Jazz is Dead (Warning: long and boring)
Apr 15, 2008 at 7:39 PM Post #151 of 186
Quote:

Originally Posted by monolith /img/forum/go_quote.gif
Basically, it's a lot easier to get art (in this case music) to the people these days than it was before. The availability of music has increased, while (in his opinion, which I profoundly disagree with) the vitality of that music has decreased.


Thanks, I think I get what Bigshot means now.
In that interpretation however he would be supporting my statement that bringing the arts to the masses (and in doing so, making it commercially dependent on it) is counter productive to art.

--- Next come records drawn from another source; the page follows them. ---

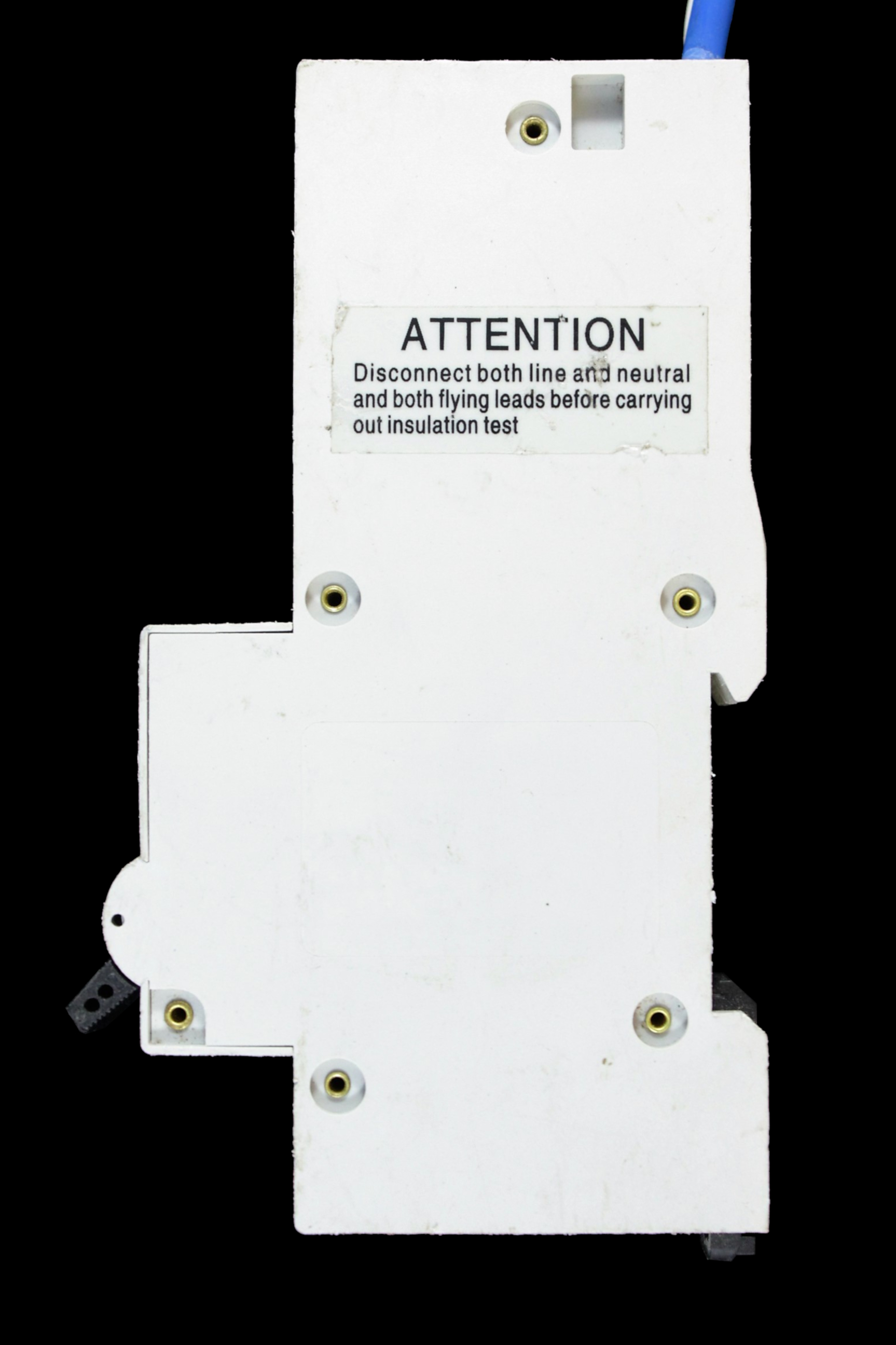 PROTEUS 16 AMP CURVE B 4.5kA 30mA RCBO 16MBRSP1
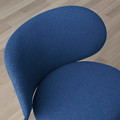 KRYLBO Chair, Tonerud blue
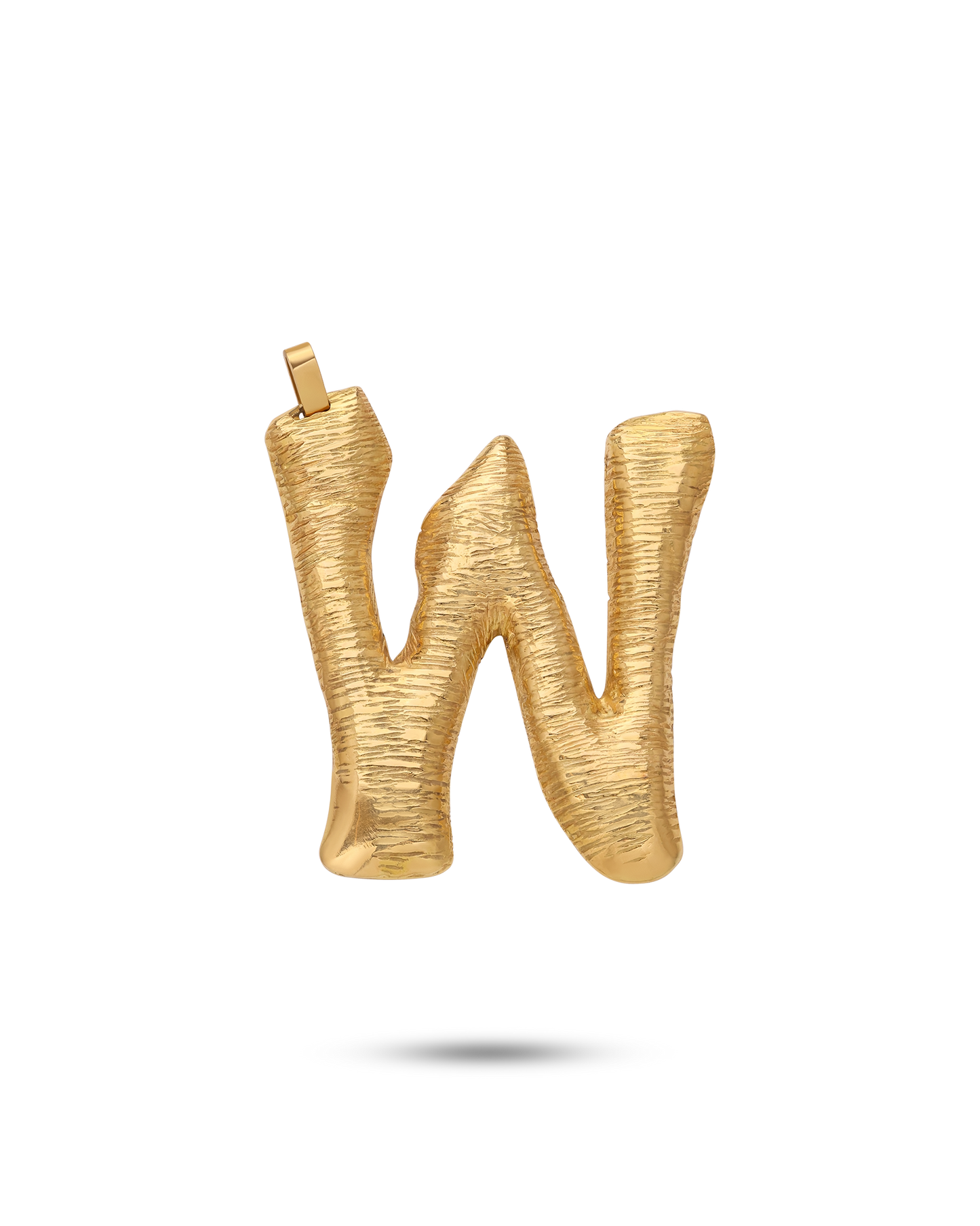 Tesoro  Collection 18K Gold Pendente Grande - Nado's Jewellery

The commitment to "the general public" makes art wither an die.

He is arguing my point while trying to contradict it?????

No. Not completely. He also said "ironically". But it would only have been ironical (and unexpected) if his point of view were true. It would have been as expected and quite logical if my point of view holds any merit.

Nice to see that he actually sees happening what I describe though.
 
Apr 15, 2008 at 8:05 PM Post #152 of 186
Quote:

Originally Posted by tru blu /img/forum/go_quote.gif
Of course, he was proud of them; the tunes that came out of The Far East Suite or the "Black" section of Black, Brown and Beige (to name just two) are fantastic. But one thing you'll learn from any reading about Ellington is that he was pret-ty shrewd when it came to presenting his art. We now know that it's quite possible for jazz folk to do longer pieces and not call them "suites," so my guess is that in the cultural climate of the time Duke was hedging a little. Actually, the writer Paul Bowles wrote an unfavorable review of the first performances of Black, Brown and Beige at Carnegie Hall; Bowles thought they were simply (I'm paraphrasing) smaller pieces unnecessarily stretched out.


As far as I'm concerned you can be absolutely right.
My point was more to indicate that they were done after the 40's. And in the fact that Ellington was very fond of them, that Ellington did probably not consider himself to be a "pre-40's"-fenomenon. He tried something different and he and I think he succeeded pretty nicely.
Besides that I still think his orchestra's were briliant entertainment in the first place, with some room for extra's . In his Suites I think he allowed himself some more room for "art" aspirations.
smily_headphones1.gif
 
Apr 16, 2008 at 4:44 AM Post #153 of 186
Quote:

Originally Posted by bigshot /img/forum/go_quote.gif
Clarke68, you're just reacting without listening to what I'm saying. There is good jazz being made today and there are great musicians. I don't disagree with that. The problem is that no artform can be truly vital when it is marginalized as a niche. That's the difference with jazz in the first half of the 20th century and the second half. For jazz to rise again, it needs to engage the public... and that doesn't mean just becoming a jazzy version of rock or becoming more commercial. It means becoming something that everyone can relate to and be uplifted by. It used to be that. It isn't any more. As long as jazz continues to dwindle down to smaller and smaller pieces of the pie, it doesn't matter how targeted those pieces are. It will still dwindle away into nothing.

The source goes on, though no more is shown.